Important: all scripts/ paths are relative to this skill directory.
Preferred entrypoint: cd {this_skill_dir} && python3 humanize.py --text "{entire_user_request}" --output-root ./runs
Lower-level scripts still work via: cd {this_skill_dir} && python3 scripts/...
The runtime and model cache live under ${COPAW_WORKING_DIR:-~/.copaw}/models/humanize/.
In agent shell calls, prefer one-line commands. Do not paste backslash-continued multi-line commands. Always set the shell tool timeout to at least 120 seconds for python3 humanize.py.
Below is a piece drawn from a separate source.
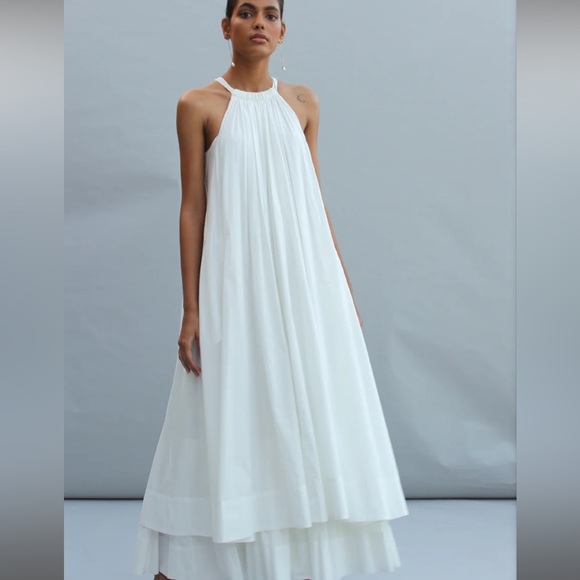 The Summer House white cotton poplin sustainable maxi dress - Picture 3 of 7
用户可见输出硬规则:如果 python3 humanize.py ... 打印 === HUMANIZE_FINAL_RESPONSE_BEGIN === / === HUMANIZE_FINAL_RESPONSE_END ===,这两个标记中间的 markdown 就是最终答案。必须原样粘贴给用户,不能总结、不能改写、不能只给最终文案、不能写“已经帮你优化完成了”。用户要看的就是完整过程。
Final relay rule: if python3 humanize.py ... prints === HUMANIZE_FINAL_RESPONSE_BEGIN === / === HUMANIZE_FINAL_RESPONSE_END ===, return exactly the markdown between them as the final answer. Do not summarize it, do not paraphrase it, and do not add any explanation.
Fallback relay rule: if the shell output is truncated or the final response block is not visible, open the latest user-visible.md in the run directory and return that markdown exactly.
Invocation rule: do not build helper JSON or temporary Python snippets to call this skill. Invoke python3 humanize.py directly.
Forbidden invocation: do not call copaw skills run humanize, python -m skills.humanize..., or any package-style wrapper. Do not pass --mode; rewrite mode is inferred automatically from the full --text request or --original. They are not the canonical entrypoint for this skill.
Preservation rule: pass the user's full request verbatim via --text by default. If the request contains 原文, 原稿, 正文, draft, or a long draft body, never reinterpret it into separate --task / --constraints arguments and never drop the original draft.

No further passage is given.